Seowon, Neo-Confucian Academies
The Seowon nine Neo-Confucian Academies are relevant for their architectural types and their role in education in Korea.
They were founded in the 16th and 17th centuries. From these academies, located across the country, Neo-Confucianism took root and spread across Korea. Mainly aristocrats and future civil service administrators were educated here.
Vatnajökull National Park
Vatnajökull National Park in Iceland has a wide variety of tectonic, volcanic and glacial-volcanic features.
Vatnajökull is the largest glacier in Europe and one of the largest in the world. It is situated on large and active tectonic rift systems. The park comprises 14% of the territory of Iceland.
Water Management System of Augsburg
The German city of Augsburg was granted World Heritage status for its over 800-year-old water management system boasting an aqueduct, water towers, ornate fountains, canals and hundreds of bridges.
The 2,000-year-old city in Bavaria state calls the system, which has since the Middle Ages provided clean drinking water and sanitation with an “intricate interplay between the innovative spirit and a technical tour de force.
Writing-on-Stone / Áísínai’pi
Writing-on-Stone / Áísínai’pi is a living sacred landscape for Blackfoot people in Alberta Canada.
Writing-on-Stone Provincial Park is located about 100 km southeast of Lethbridge, Alberta, or 44 km east of the community of Milk River, and straddles the Milk River itself. It is one of the largest areas of protected prairie in the Alberta park system and serves as both a nature preserve and protection for a large number of aboriginal rock carvings and paintings.
The area holds thousands of examples of indigenous rock art, carved into the sandstone. For the Blackfoot society of the past and the present, there is also a spiritual connection to its impressive landforms such as hoodoos and canyons. The inscription comprises the sites of Áísínai’pi, Haffner Coulee and Poverty Rock.

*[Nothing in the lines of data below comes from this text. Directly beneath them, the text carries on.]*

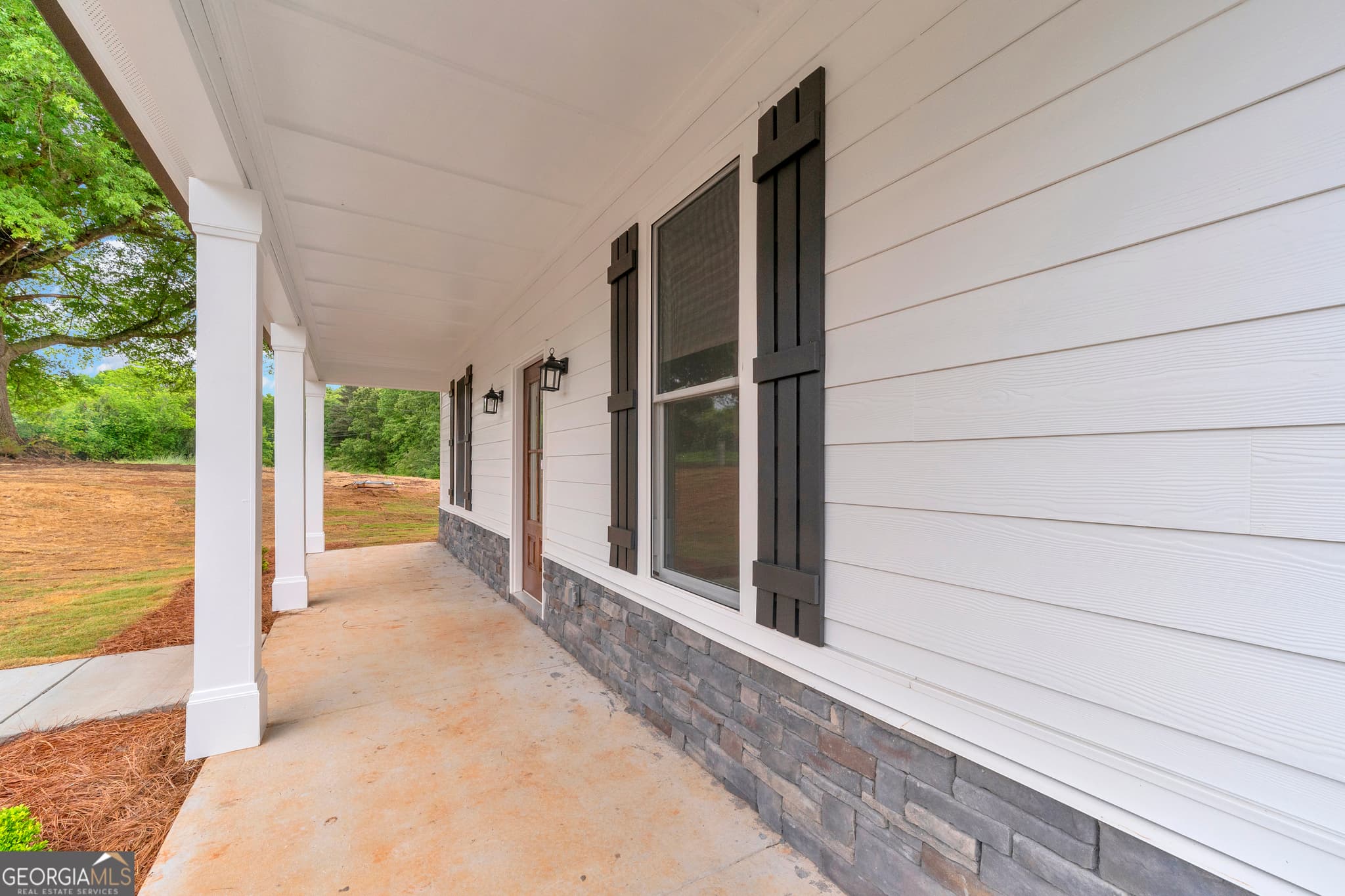 3 bedroom, 2 bathroom, 1,776 sq ft single family residence for sale at 188 Ayers Road, Mount Airy, GA 30563 — photo 2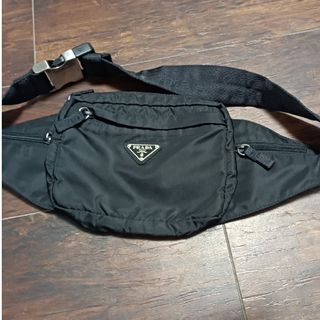 PRADA(ボディバッグ/ウエストポーチ)のフリマアイテム一覧 PRADA(ボディバッグ/ウエストポーチ)のフリマアイテム一覧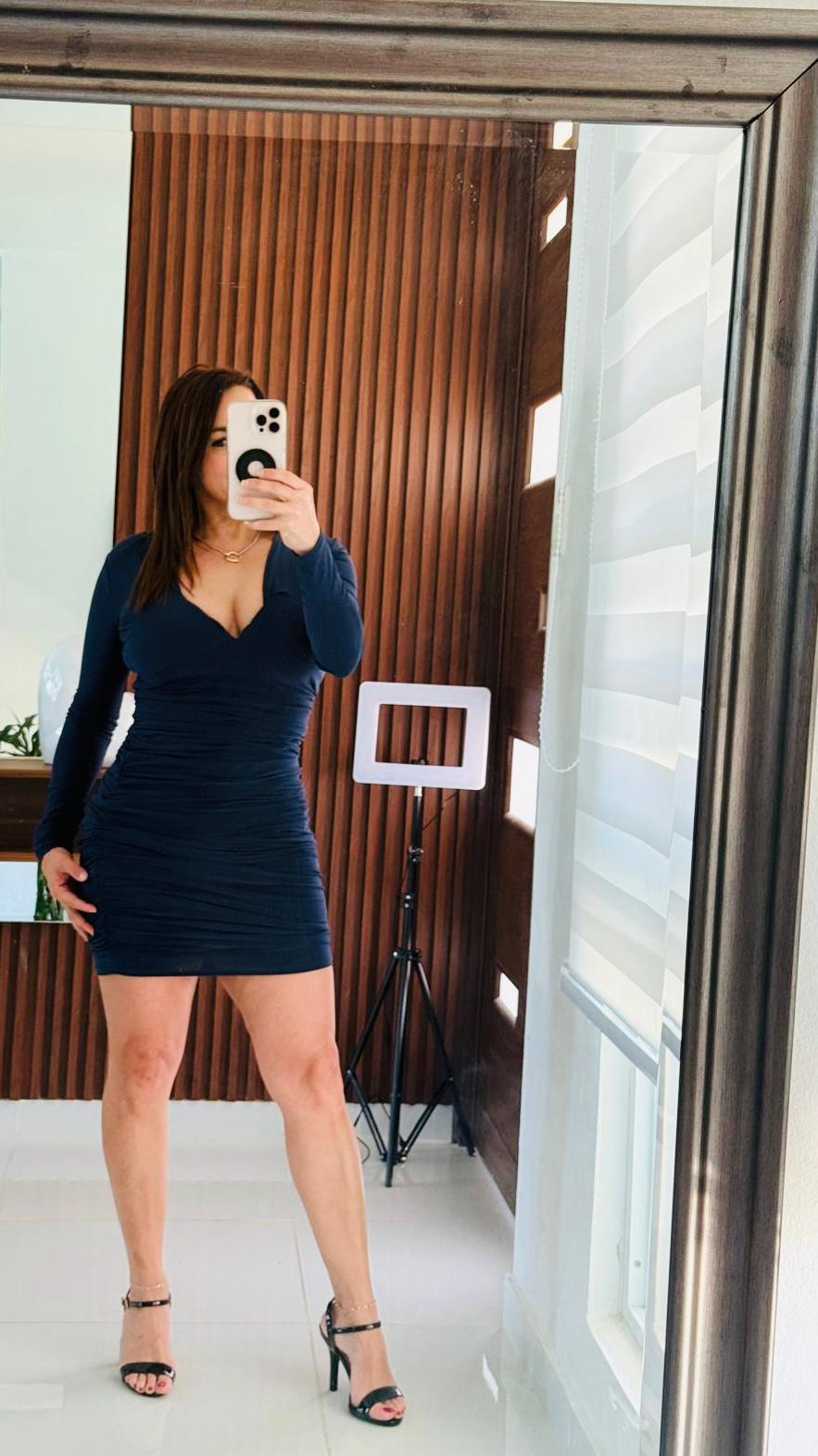 Vestido Azul Marino Corto Manga Larga Ajustado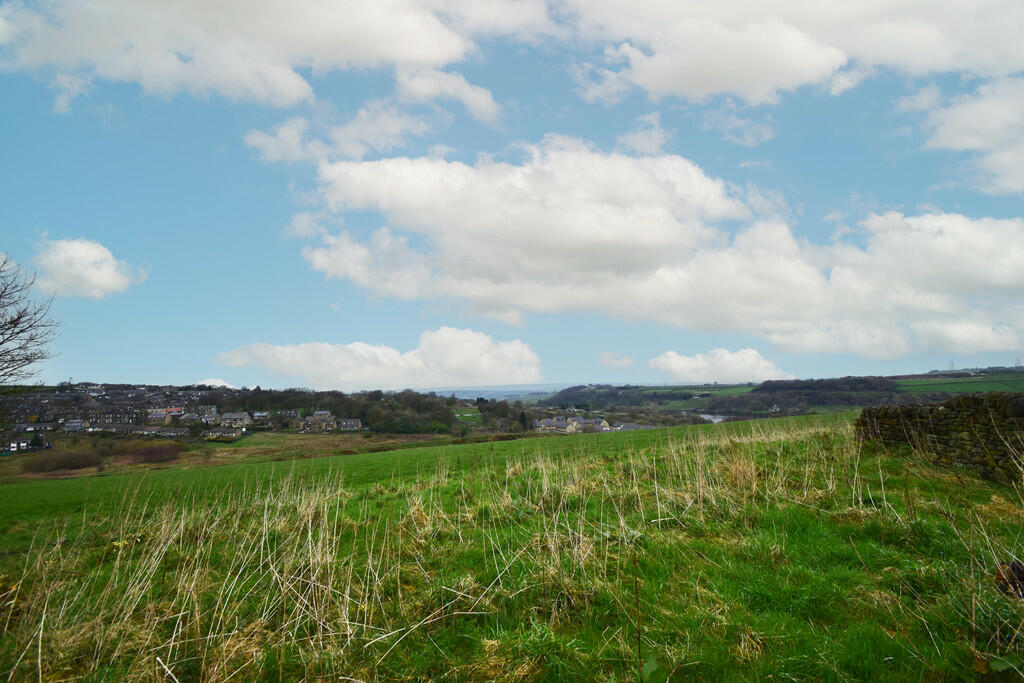 Additional image 21 of Denholme House Farm Drive, Denholme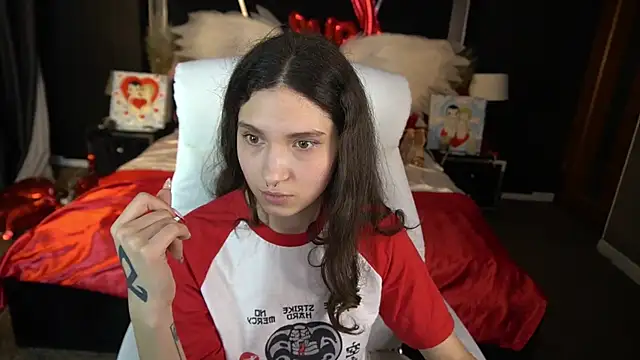 BabyFlowerr's Live XXX Chat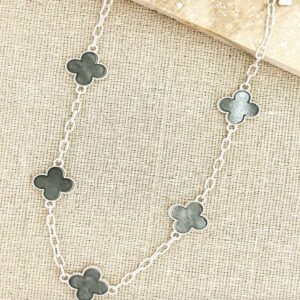 Short silver and pearl grey clover necklace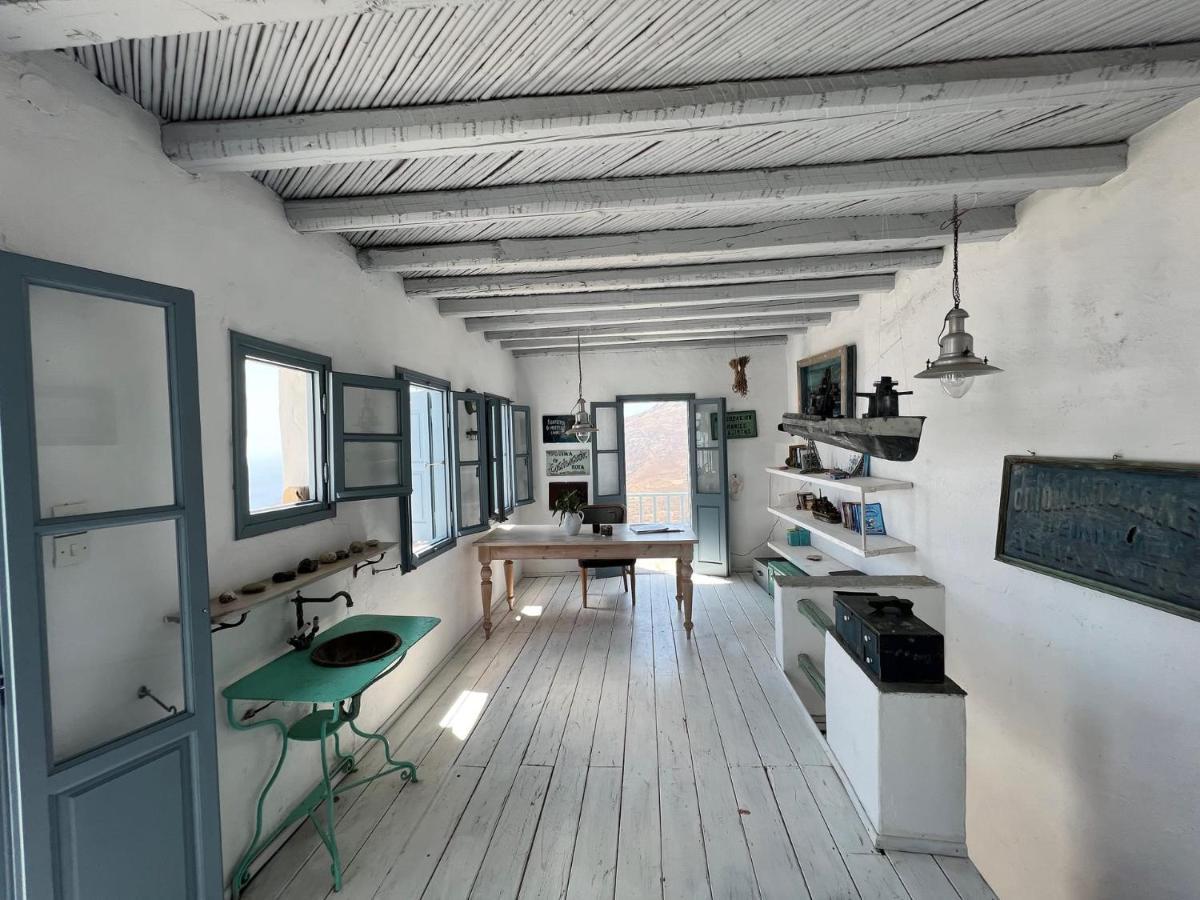 Windhouses Serifos Buitenkant foto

Churches of the Pskov School of Architecture
Churches, cathedrals, monasteries, fortification towers and administrative buildings make up the site, a group of monuments located in the historic city of Pskov, on the banks of the Velikaya River in the northwest of Russia. Characteristics of these buildings, produced by the Pskov School of Architecture, include cubic volumes, domes, porches and belfries, with the oldest elements dating back to the 12th century. Churches and cathedrals are integrated into the natural environment through gardens, perimeter walls and fences. Inspired by the Byzantine and Novgorod traditions, the Pskov School of Architecture reached its peak in the 15th and 16th centuries and was one of the foremost schools in the country. It informed the evolution of Russian architecture over five centuries.